TRY IT » The lines to reproduce run from the one containing "Ostrich in nature reserve park in Africa" to the end of the listing. Reproduce them exactly, both ends included, and nothing else.

TASK INPUT »
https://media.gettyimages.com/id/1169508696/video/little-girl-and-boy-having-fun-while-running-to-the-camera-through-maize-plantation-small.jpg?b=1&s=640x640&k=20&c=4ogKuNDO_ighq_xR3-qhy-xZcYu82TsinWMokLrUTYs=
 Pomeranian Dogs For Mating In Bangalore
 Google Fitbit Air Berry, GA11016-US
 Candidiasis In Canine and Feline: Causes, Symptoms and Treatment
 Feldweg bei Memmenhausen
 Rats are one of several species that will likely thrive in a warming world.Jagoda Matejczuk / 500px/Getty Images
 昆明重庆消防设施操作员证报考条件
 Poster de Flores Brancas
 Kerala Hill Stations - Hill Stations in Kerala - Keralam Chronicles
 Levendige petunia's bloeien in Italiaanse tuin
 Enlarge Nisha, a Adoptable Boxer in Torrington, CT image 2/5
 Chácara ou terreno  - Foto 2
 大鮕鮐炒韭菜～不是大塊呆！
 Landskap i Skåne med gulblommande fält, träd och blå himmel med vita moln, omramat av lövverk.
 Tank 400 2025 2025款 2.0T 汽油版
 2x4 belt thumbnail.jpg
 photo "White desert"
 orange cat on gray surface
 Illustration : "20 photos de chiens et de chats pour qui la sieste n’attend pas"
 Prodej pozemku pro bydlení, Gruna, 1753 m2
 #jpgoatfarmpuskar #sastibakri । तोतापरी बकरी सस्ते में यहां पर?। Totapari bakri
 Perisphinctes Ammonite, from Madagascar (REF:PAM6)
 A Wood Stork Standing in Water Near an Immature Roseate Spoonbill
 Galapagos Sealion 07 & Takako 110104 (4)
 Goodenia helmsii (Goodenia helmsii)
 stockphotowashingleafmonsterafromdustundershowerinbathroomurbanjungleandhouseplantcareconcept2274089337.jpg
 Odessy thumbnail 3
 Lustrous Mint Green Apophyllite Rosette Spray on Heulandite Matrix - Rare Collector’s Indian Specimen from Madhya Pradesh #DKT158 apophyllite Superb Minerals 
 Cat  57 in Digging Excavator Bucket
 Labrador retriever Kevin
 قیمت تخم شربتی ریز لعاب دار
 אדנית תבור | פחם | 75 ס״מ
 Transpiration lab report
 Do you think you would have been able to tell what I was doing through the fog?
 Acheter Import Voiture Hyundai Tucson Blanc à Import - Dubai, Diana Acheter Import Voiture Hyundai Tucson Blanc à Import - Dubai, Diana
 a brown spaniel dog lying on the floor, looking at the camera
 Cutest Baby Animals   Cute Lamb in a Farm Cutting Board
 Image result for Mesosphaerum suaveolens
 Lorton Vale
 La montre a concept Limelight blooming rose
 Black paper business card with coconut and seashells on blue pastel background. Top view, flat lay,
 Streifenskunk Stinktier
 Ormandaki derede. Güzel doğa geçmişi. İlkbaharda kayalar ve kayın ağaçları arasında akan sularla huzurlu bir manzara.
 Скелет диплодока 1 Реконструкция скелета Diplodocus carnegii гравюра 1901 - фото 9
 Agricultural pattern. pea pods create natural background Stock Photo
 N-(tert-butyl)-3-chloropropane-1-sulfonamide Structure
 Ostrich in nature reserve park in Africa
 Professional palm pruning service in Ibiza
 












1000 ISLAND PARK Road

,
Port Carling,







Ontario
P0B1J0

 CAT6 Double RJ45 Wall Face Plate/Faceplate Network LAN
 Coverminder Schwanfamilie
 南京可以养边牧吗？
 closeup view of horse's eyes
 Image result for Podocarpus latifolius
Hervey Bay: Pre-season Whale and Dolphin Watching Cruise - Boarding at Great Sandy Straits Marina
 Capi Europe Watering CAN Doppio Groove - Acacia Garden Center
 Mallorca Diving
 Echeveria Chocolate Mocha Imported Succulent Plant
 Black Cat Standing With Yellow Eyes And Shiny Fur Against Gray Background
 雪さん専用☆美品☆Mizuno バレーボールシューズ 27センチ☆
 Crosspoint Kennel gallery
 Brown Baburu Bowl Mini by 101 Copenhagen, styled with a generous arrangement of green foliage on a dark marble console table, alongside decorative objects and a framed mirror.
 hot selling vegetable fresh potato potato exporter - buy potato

SOLUTION TO THIS TASK »
 Ostrich in nature reserve park in Africa
 Professional palm pruning service in Ibiza
 












1000 ISLAND PARK Road

,
Port Carling,







Ontario
P0B1J0

 CAT6 Double RJ45 Wall Face Plate/Faceplate Network LAN
 Coverminder Schwanfamilie
 南京可以养边牧吗？
 closeup view of horse's eyes
 Image result for Podocarpus latifolius
Hervey Bay: Pre-season Whale and Dolphin Watching Cruise - Boarding at Great Sandy Straits Marina
 Capi Europe Watering CAN Doppio Groove - Acacia Garden Center
 Mallorca Diving
 Echeveria Chocolate Mocha Imported Succulent Plant
 Black Cat Standing With Yellow Eyes And Shiny Fur Against Gray Background
 雪さん専用☆美品☆Mizuno バレーボールシューズ 27センチ☆
 Crosspoint Kennel gallery
 Brown Baburu Bowl Mini by 101 Copenhagen, styled with a generous arrangement of green foliage on a dark marble console table, alongside decorative objects and a framed mirror.
 hot selling vegetable fresh potato potato exporter - buy potato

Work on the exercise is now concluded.